DIALEKSIS.COM | Jakarta - Kementerian Usaha Mikro, Kecil, dan Menengah (UMKM) bersama Otoritas Jasa Keuangan (OJK) memperkuat kolaborasi untuk memperluas akses pembiayaan bagi UMKM sekaligus membangun ekosistem usaha agar pelaku usaha bisa naik kelas.
Komitmen tersebut ditandai dengan penandatanganan Nota Kesepahaman (MoU) antara Kementerian UMKM dan OJK dalam acara UMKM Finance Summit 2026 di Jakarta, Selasa (11/8/2026).
Menteri UMKM Maman Abdurrahman mengatakan kerja sama tersebut menjadi langkah konkret untuk mempercepat akses pembiayaan UMKM di seluruh Indonesia. Namun, menurutnya, kemudahan memperoleh modal harus dibarengi dengan kepastian dan perluasan pasar.
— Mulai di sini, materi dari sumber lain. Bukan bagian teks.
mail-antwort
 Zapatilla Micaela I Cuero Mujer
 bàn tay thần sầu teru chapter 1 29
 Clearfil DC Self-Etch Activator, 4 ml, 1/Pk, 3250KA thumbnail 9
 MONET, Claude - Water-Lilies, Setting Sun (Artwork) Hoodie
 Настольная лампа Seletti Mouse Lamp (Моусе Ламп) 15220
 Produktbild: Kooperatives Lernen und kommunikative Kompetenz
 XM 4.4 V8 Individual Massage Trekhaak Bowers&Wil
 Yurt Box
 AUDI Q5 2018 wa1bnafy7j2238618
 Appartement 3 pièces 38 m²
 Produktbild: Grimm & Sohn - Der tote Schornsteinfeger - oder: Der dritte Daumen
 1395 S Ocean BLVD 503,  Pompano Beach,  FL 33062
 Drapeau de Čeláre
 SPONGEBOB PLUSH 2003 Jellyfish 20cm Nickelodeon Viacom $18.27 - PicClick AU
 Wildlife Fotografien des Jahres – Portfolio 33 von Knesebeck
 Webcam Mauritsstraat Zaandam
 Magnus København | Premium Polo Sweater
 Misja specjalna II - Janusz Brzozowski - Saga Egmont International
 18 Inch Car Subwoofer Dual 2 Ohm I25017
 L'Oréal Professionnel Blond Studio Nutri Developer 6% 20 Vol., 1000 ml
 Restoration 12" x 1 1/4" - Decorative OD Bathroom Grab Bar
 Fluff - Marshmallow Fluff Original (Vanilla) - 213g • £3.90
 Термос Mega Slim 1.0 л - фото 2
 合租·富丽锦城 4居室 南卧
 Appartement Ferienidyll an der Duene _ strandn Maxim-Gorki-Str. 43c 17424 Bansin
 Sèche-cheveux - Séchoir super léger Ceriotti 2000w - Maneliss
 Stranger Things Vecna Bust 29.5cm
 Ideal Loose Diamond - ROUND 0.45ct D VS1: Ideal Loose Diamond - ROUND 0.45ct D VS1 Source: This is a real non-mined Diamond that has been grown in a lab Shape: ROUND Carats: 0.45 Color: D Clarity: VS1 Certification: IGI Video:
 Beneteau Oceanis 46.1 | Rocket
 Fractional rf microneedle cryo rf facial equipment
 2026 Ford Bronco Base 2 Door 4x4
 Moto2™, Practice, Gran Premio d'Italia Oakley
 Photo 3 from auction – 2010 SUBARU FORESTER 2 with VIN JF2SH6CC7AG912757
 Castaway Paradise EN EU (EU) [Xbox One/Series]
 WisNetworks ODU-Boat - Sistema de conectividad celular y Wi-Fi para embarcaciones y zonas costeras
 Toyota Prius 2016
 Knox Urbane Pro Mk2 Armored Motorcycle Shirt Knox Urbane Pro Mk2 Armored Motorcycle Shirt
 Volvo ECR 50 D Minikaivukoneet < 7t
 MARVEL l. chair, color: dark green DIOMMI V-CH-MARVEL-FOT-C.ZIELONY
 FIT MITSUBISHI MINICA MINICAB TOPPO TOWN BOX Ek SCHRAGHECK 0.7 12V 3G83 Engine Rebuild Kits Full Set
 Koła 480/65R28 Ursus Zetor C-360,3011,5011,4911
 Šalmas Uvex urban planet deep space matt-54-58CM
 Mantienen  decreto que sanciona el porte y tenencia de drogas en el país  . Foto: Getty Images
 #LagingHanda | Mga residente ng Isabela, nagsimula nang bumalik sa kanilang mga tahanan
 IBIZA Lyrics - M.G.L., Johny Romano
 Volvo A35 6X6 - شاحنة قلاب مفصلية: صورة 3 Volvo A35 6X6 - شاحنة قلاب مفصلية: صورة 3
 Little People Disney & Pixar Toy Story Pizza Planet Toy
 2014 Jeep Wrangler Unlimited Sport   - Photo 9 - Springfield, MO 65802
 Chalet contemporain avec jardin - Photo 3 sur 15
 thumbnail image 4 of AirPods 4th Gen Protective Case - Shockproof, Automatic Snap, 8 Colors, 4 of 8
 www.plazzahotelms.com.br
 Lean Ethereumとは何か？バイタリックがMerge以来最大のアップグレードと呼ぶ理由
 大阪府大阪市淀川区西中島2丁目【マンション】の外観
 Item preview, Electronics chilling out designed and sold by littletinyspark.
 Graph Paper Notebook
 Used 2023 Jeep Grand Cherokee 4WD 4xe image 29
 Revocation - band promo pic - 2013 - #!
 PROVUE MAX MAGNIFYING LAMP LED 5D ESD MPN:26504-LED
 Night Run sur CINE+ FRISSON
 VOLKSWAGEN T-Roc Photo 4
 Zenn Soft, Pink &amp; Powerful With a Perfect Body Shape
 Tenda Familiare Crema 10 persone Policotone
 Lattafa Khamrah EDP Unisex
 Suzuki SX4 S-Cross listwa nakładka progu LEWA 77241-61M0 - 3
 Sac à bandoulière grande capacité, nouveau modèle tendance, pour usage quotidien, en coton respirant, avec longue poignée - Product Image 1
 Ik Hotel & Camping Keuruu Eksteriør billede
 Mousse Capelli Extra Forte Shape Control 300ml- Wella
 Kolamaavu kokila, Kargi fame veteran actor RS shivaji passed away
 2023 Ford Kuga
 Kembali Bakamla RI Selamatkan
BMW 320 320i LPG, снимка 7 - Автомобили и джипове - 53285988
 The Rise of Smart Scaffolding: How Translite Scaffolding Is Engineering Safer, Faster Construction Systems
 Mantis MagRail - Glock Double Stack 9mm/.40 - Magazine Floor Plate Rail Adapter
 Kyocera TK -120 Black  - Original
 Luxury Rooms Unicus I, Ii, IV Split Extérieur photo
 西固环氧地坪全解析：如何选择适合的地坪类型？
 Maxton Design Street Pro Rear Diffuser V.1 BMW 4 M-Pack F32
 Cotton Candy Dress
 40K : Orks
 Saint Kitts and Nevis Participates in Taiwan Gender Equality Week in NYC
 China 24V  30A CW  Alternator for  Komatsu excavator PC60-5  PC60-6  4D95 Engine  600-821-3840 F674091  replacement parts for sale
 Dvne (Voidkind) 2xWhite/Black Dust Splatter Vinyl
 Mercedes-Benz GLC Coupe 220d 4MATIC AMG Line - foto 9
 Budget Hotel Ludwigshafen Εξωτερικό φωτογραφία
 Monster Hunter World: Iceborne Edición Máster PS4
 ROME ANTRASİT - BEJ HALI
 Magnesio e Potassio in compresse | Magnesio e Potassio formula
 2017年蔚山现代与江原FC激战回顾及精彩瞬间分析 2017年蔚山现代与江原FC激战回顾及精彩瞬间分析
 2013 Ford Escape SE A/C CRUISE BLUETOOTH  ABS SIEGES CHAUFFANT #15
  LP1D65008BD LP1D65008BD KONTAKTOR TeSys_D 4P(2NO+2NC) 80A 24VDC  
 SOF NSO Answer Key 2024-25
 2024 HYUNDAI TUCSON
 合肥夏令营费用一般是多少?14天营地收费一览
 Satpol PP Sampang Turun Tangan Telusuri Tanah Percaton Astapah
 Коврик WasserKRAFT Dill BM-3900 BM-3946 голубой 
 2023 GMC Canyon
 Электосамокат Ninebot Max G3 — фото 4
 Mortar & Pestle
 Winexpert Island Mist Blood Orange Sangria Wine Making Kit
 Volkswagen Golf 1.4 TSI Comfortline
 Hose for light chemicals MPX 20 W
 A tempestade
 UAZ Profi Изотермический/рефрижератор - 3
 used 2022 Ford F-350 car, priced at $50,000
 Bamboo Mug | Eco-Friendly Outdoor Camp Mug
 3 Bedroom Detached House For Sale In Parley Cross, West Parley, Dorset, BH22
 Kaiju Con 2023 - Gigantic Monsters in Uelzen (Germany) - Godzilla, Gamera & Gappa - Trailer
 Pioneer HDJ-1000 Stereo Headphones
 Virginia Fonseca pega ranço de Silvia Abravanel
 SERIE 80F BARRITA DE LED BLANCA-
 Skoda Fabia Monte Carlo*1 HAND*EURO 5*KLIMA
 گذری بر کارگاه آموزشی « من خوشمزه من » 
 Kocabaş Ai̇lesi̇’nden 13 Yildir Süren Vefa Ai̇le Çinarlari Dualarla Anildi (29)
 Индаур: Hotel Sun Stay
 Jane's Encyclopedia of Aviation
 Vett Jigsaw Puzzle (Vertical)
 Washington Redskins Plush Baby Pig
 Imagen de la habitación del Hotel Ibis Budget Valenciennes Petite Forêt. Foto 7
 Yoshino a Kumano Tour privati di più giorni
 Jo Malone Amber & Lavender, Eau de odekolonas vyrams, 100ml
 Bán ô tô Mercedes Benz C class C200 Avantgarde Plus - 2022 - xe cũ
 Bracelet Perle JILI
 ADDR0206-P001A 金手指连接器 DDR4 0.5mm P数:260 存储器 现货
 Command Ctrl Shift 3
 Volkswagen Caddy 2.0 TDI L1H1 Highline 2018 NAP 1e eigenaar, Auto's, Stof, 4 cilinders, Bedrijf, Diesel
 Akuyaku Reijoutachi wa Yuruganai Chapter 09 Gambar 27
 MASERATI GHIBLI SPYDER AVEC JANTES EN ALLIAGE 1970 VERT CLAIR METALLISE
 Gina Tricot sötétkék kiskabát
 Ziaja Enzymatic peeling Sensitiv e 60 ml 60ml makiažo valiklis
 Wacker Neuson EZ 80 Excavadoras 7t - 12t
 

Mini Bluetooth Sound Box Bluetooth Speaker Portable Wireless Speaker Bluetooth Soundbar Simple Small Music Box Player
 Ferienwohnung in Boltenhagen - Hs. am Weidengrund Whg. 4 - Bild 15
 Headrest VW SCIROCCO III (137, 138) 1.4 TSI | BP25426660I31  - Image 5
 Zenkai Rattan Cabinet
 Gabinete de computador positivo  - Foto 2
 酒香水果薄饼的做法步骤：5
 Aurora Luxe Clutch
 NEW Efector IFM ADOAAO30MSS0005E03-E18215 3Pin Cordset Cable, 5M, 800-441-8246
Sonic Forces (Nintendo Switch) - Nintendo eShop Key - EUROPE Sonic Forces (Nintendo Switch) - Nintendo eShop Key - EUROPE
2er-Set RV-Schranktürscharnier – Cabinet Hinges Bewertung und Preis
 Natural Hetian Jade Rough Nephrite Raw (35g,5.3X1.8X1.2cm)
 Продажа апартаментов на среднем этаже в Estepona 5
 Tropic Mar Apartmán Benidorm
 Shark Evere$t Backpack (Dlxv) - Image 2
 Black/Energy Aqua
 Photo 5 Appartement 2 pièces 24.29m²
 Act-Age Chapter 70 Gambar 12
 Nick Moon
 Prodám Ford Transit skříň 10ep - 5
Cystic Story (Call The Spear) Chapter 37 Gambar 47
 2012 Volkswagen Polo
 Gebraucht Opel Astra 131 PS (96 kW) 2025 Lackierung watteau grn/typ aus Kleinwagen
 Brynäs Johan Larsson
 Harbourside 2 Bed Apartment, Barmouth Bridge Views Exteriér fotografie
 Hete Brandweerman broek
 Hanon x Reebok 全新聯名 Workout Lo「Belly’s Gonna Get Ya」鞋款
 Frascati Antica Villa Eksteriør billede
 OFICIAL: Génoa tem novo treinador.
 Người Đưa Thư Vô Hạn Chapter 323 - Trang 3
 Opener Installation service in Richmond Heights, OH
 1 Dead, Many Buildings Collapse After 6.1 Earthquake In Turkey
"Jangan sampai pembiayaan sudah kita berikan, UMKM bisa memproduksi barang dengan baik, tetapi ketika barang akan dijual, tidak ada pasar yang menyerap," ujar Maman.
Karena itu, Kementerian UMKM akan memperkuat kebijakan yang mendukung akses pasar serta berkoordinasi dengan berbagai pemangku kepentingan agar pembiayaan yang diterima UMKM berdampak pada peningkatan kapasitas dan keberlanjutan usaha.
Ketua Dewan Komisioner OJK Friderica Widyasari Dewi mengatakan OJK siap mengintegrasikan berbagai program pengembangan UMKM dengan sektor jasa keuangan.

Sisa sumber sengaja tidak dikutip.